• [EXERCISE DIRECTIONS]
Copy out, from the entries below, each line holding the string "Screen".

(Entries taken from a collection)

........

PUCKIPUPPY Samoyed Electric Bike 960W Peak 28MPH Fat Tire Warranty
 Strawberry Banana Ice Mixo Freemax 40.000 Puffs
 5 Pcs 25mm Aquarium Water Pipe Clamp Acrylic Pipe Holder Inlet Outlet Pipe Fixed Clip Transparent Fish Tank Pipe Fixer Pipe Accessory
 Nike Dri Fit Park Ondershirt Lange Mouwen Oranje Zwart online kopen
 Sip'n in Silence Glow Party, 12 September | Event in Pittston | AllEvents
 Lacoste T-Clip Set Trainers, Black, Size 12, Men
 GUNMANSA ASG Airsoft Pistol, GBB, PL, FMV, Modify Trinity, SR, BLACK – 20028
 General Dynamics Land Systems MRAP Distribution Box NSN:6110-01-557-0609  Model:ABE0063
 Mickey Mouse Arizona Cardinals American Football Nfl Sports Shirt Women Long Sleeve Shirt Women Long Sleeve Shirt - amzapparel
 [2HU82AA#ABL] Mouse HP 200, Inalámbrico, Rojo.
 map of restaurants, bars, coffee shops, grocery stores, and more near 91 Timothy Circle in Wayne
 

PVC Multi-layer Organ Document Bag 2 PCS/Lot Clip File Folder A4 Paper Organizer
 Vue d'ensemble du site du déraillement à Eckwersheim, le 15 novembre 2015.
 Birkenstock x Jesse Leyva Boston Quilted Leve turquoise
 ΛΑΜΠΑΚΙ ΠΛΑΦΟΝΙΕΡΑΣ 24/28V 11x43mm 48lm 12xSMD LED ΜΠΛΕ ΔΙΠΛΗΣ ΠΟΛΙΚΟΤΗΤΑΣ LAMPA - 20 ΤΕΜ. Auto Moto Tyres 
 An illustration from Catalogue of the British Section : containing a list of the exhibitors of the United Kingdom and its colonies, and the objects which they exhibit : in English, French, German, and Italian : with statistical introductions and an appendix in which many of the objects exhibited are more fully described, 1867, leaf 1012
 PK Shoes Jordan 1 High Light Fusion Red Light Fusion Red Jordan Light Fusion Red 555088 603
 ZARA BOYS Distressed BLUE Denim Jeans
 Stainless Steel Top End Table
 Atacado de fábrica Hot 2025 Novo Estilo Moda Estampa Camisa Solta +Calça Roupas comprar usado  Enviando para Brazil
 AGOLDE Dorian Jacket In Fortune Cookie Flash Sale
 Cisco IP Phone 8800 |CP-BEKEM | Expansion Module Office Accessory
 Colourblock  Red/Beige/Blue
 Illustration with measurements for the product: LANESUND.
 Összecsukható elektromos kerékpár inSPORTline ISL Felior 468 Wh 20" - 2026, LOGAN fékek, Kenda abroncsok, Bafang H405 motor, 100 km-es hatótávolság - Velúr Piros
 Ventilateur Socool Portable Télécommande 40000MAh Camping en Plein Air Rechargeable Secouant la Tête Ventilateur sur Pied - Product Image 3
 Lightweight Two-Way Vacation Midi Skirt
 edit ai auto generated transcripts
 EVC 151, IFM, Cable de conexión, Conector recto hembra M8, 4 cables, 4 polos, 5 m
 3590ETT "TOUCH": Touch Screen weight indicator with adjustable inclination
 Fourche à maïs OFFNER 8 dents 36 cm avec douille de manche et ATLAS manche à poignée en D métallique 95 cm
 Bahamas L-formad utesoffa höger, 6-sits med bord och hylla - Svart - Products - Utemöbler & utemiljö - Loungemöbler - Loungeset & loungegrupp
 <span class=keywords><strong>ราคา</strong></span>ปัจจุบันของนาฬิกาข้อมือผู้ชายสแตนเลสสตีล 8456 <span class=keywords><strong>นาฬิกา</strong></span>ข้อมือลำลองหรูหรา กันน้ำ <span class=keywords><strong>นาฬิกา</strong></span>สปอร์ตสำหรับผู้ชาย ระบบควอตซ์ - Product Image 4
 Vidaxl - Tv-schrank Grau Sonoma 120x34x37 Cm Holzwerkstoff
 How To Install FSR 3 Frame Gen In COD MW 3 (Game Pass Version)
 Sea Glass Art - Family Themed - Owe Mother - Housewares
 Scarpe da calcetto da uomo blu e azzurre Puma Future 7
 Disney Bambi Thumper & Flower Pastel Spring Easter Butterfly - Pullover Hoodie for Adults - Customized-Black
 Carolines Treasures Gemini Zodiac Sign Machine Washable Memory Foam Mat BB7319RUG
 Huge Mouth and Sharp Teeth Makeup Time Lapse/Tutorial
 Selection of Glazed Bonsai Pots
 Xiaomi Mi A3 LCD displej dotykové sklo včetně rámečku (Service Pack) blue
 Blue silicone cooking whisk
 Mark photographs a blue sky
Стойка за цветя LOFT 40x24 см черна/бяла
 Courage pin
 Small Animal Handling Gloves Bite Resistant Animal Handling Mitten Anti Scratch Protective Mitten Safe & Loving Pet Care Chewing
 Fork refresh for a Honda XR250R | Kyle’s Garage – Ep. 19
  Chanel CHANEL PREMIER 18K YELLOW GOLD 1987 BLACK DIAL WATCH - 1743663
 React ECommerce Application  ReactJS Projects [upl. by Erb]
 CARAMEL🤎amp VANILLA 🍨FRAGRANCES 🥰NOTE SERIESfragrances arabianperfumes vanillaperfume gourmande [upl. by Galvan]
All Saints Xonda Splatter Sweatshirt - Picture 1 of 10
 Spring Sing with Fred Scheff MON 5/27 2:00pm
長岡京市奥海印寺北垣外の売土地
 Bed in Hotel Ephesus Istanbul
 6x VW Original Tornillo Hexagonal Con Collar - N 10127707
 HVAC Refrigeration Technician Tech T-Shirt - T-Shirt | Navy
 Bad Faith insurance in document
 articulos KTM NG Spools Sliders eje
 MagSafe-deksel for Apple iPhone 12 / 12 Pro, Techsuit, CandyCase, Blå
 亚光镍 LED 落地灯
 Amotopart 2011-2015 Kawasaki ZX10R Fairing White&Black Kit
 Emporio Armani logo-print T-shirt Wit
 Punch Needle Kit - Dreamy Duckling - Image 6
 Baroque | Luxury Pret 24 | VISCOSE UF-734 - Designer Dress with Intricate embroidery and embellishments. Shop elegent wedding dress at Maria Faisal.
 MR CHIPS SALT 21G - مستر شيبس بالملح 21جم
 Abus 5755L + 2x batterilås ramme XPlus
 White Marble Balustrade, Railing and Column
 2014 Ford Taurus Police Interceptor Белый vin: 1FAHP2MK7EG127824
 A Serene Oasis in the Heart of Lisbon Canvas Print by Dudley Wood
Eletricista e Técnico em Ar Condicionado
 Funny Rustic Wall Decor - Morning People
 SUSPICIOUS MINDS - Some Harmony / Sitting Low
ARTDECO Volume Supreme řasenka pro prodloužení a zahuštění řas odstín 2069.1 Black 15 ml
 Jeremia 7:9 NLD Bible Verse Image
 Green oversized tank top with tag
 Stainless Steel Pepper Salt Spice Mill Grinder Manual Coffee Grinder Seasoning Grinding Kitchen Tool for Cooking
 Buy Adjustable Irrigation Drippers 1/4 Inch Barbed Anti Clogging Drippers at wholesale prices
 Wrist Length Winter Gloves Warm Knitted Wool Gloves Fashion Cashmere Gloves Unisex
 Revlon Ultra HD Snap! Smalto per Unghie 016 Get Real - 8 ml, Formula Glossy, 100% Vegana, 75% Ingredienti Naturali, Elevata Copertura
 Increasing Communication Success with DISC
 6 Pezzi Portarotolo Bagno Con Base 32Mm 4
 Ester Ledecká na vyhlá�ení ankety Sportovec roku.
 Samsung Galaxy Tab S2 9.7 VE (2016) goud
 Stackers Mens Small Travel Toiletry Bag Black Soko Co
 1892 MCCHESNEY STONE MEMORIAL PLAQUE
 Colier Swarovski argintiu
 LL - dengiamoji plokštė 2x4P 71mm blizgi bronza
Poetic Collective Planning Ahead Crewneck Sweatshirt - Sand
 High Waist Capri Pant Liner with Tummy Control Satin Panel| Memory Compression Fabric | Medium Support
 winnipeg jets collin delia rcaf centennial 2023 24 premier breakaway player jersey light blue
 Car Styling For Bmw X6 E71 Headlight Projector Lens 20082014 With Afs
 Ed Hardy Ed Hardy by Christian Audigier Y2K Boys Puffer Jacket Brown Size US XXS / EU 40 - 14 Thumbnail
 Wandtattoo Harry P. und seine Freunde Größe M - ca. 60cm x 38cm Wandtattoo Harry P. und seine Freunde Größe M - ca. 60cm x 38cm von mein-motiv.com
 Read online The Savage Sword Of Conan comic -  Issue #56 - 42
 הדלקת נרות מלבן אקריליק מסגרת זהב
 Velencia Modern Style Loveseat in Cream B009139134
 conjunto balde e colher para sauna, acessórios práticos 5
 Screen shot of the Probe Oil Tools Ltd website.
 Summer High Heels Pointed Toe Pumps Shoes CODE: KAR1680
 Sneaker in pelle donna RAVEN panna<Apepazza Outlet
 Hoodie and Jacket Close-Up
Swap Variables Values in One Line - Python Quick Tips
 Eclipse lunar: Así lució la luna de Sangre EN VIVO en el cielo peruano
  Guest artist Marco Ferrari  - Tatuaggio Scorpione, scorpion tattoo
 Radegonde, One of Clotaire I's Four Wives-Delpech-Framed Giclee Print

........

• [EXPECTED ANSWER]
 3590ETT "TOUCH": Touch Screen weight indicator with adjustable inclination
 Screen shot of the Probe Oil Tools Ltd website.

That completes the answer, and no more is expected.